Directions for this task -
Output the entries below unchanged, except for the pictures.

*** Opening Data for this exercise ***

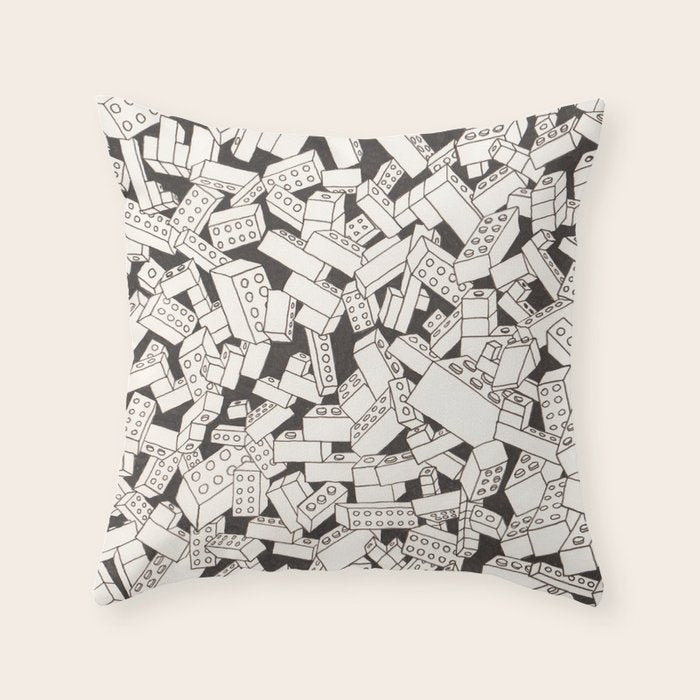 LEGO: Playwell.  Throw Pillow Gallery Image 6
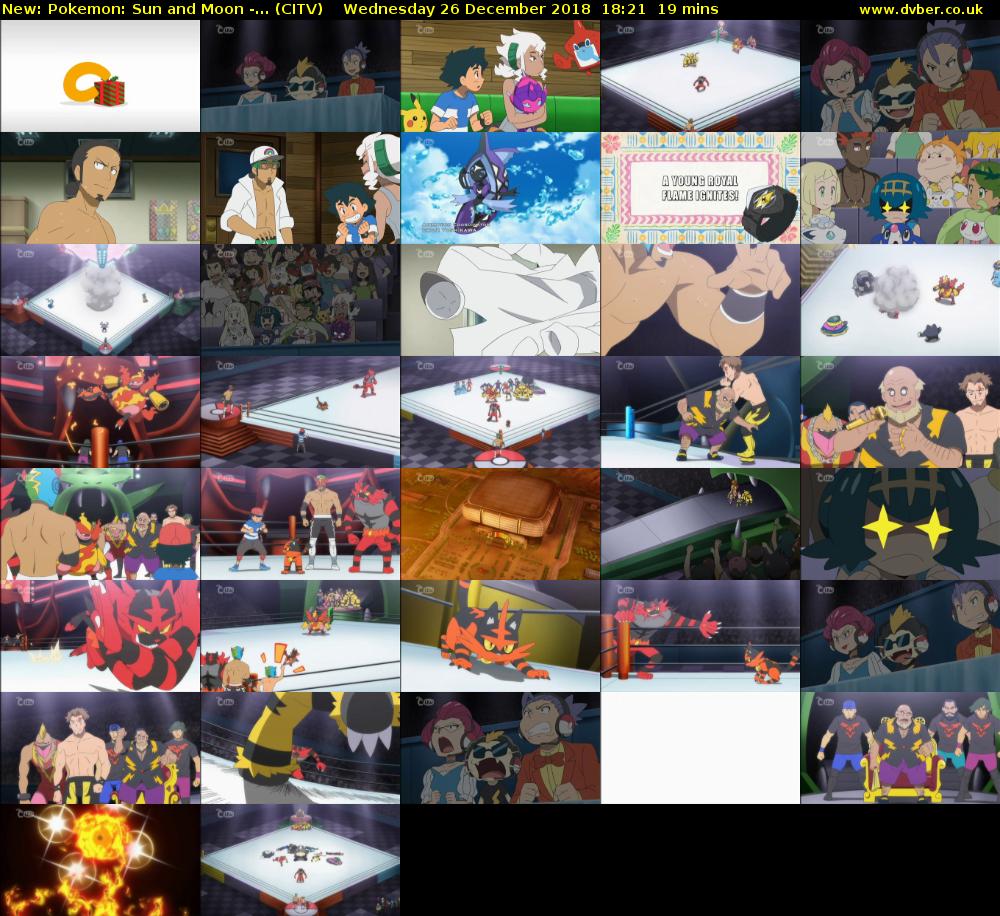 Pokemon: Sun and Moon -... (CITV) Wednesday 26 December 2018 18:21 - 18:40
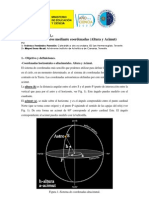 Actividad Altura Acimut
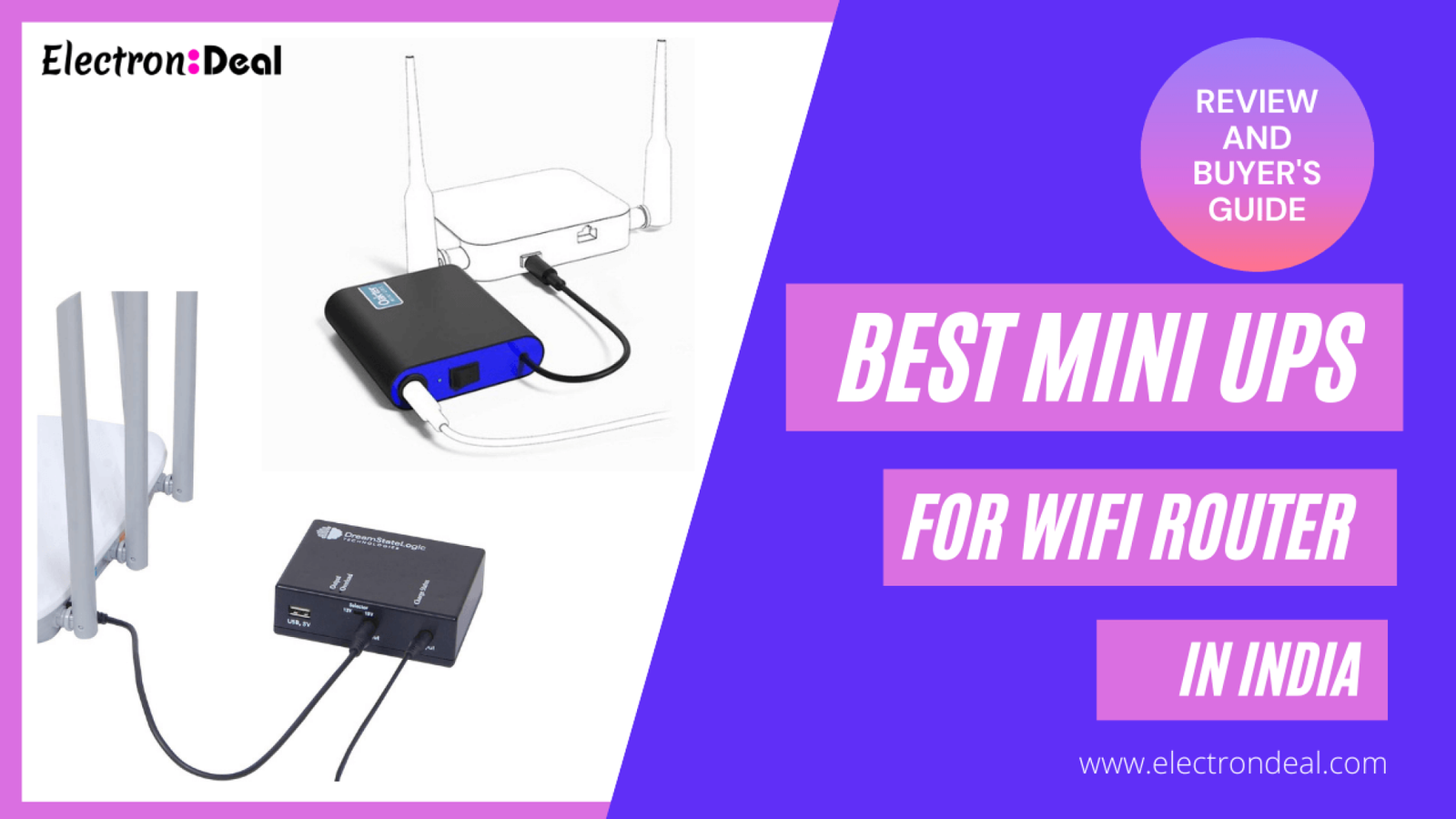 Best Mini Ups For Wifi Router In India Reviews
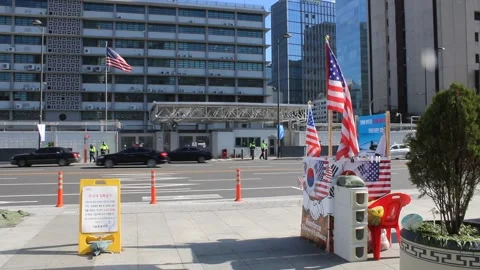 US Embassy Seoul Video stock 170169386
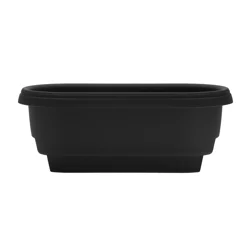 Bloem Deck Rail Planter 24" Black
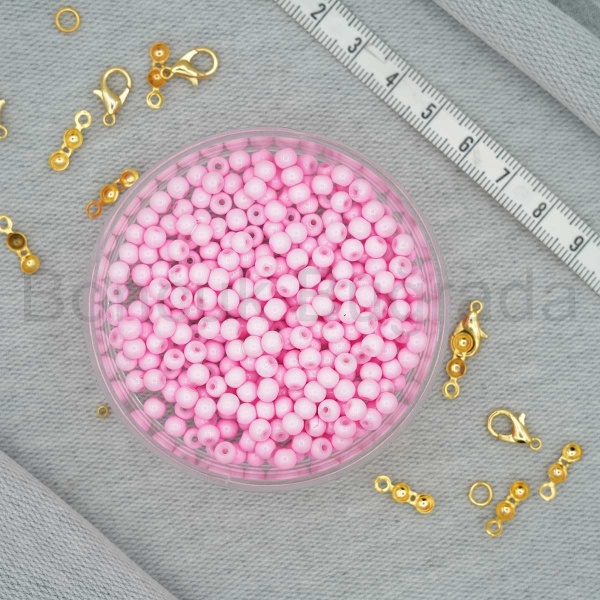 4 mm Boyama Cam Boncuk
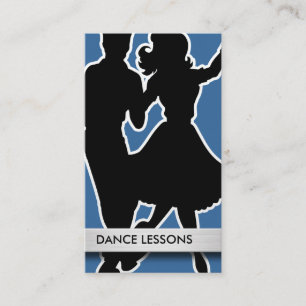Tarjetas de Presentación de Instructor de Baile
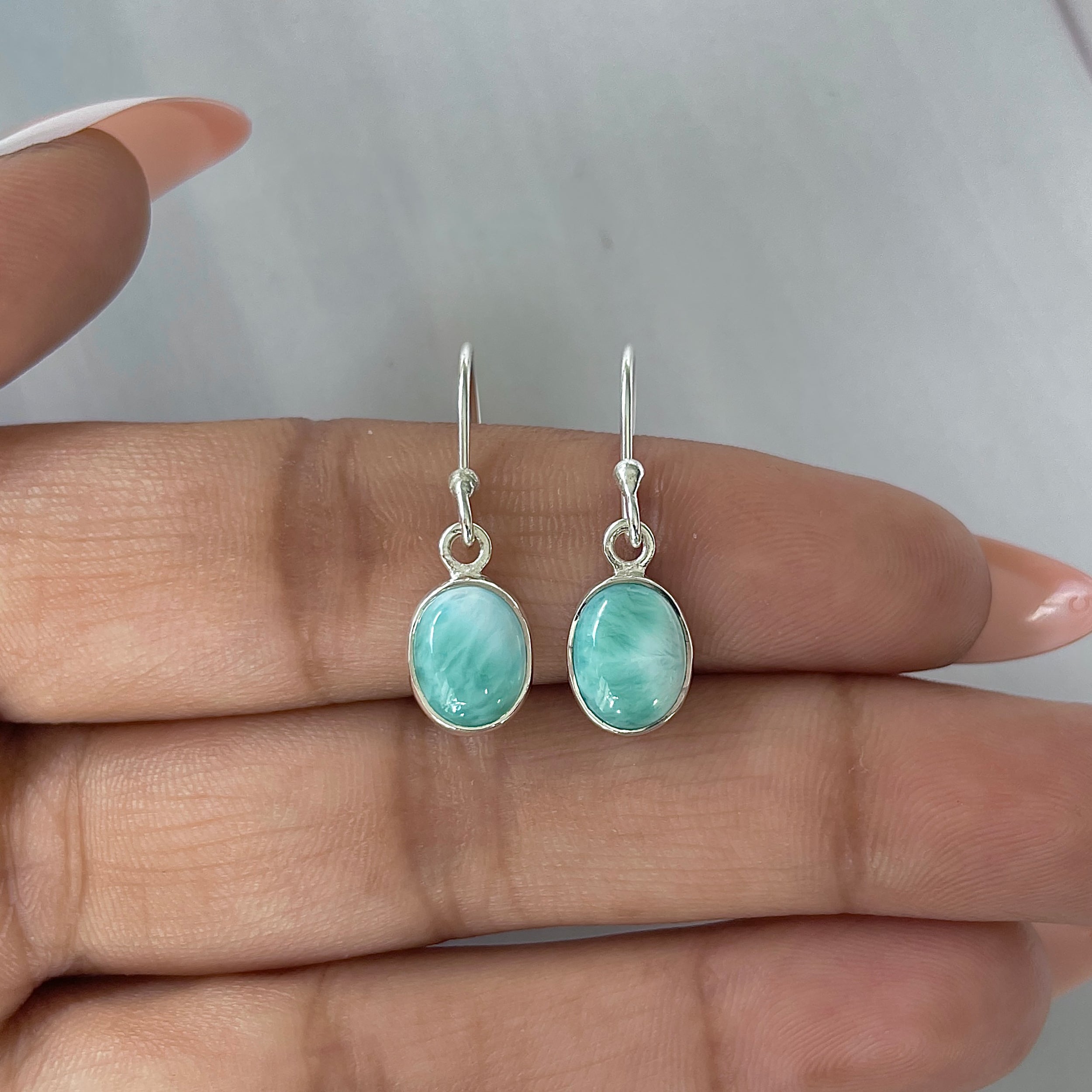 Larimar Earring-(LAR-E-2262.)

*** Closing Data for this exercise ***

The completed task -
 LEGO: Playwell.  Throw Pillow Gallery Image 6
 Pokemon: Sun and Moon -... (CITV) Wednesday 26 December 2018 18:21 - 18:40
 Actividad Altura Acimut
 Best Mini Ups For Wifi Router In India Reviews
 US Embassy Seoul Video stock 170169386
 Bloem Deck Rail Planter 24" Black
 4 mm Boyama Cam Boncuk
Tarjetas de Presentación de Instructor de Baile
 Larimar Earring-(LAR-E-2262.)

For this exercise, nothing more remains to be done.